Todo esto me lo contaba mi hermano en sus frecuentes epístolas
con mucho empeño y encarecimiento, y yo percibía claramente que se hallaba
perdidamente enamorado de Myra Roderich.
Dije antes que no la conocía más que por las entusiastas frases
de Marcos; y, sin embargo, toda vez que mi hermano era pintor, fácil le hubiera
sido tomarla por modelo, ¿no es cierto?, y trasladarla a la tela, o cuando menos
al papel, en una postura graciosa y con sus mejores atavíos; así habría podido
yo admirarla visualmente. Pero Myra no quiso nunca; era en persona como ella
quería aparecer a mis ojos, aseguraba Marcos, quien entre paréntesis y a lo que
yo me figuro, no debía haber insistido mucho en hacerla cambiar de opinión.

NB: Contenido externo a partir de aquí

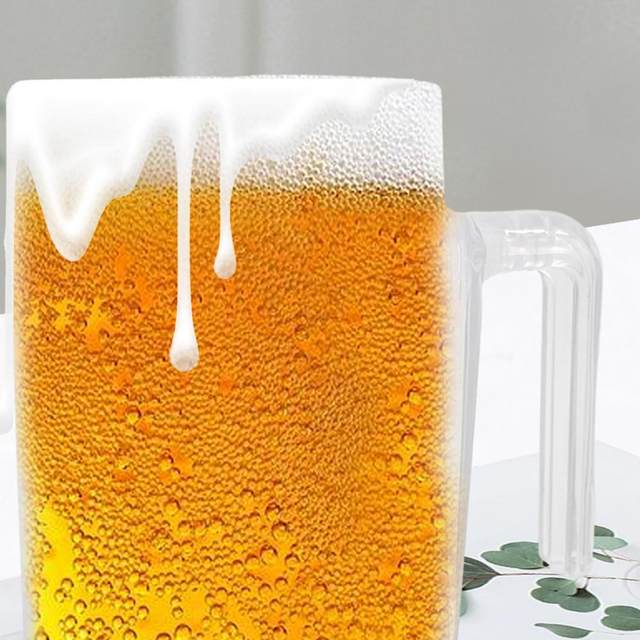 Freezer Beer Mug Insulated with Handle Frosty Chilled Drinks No Ice Cubes  Needed Plastic Pint Freezer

Lo que uno y otro querían indudablemente obtener era que el
ingeniero Enrique Vidal diera de lado a sus ocupaciones y corriera a mostrarse
en los salones de la casa Roderich en clase de invitado predilecto.
¿Era preciso tanto para decidirme? No, en verdad; en manera
alguna habría dejado yo que mi hermano se casara sin encontrarme presente a su
matrimonio. En un plazo, pues, bastante breve comparecería ante Myra Roderich,
antes de que hubiera llegado a convertirse en cuñada mía.
Por lo demás, según indicaba la carta, experimentaría yo gran
placer y provecho no pequeño en visitar aquella región de Hungría, que es el
país magiar por excelencia, cuyo pasado es tan rico en hechos heroicos y que,
rebelde a toda fusión con las razas germánicas, ocupa un puesto de consideración
en la historia de la Europa central.
En cuanto al viaje, he aquí en qué condiciones hube de
resolverme a efectuarlo: a la ida, mitad en silla de posta y mitad por el
Danubio, y a la vuelta, en silla de posta tan sólo.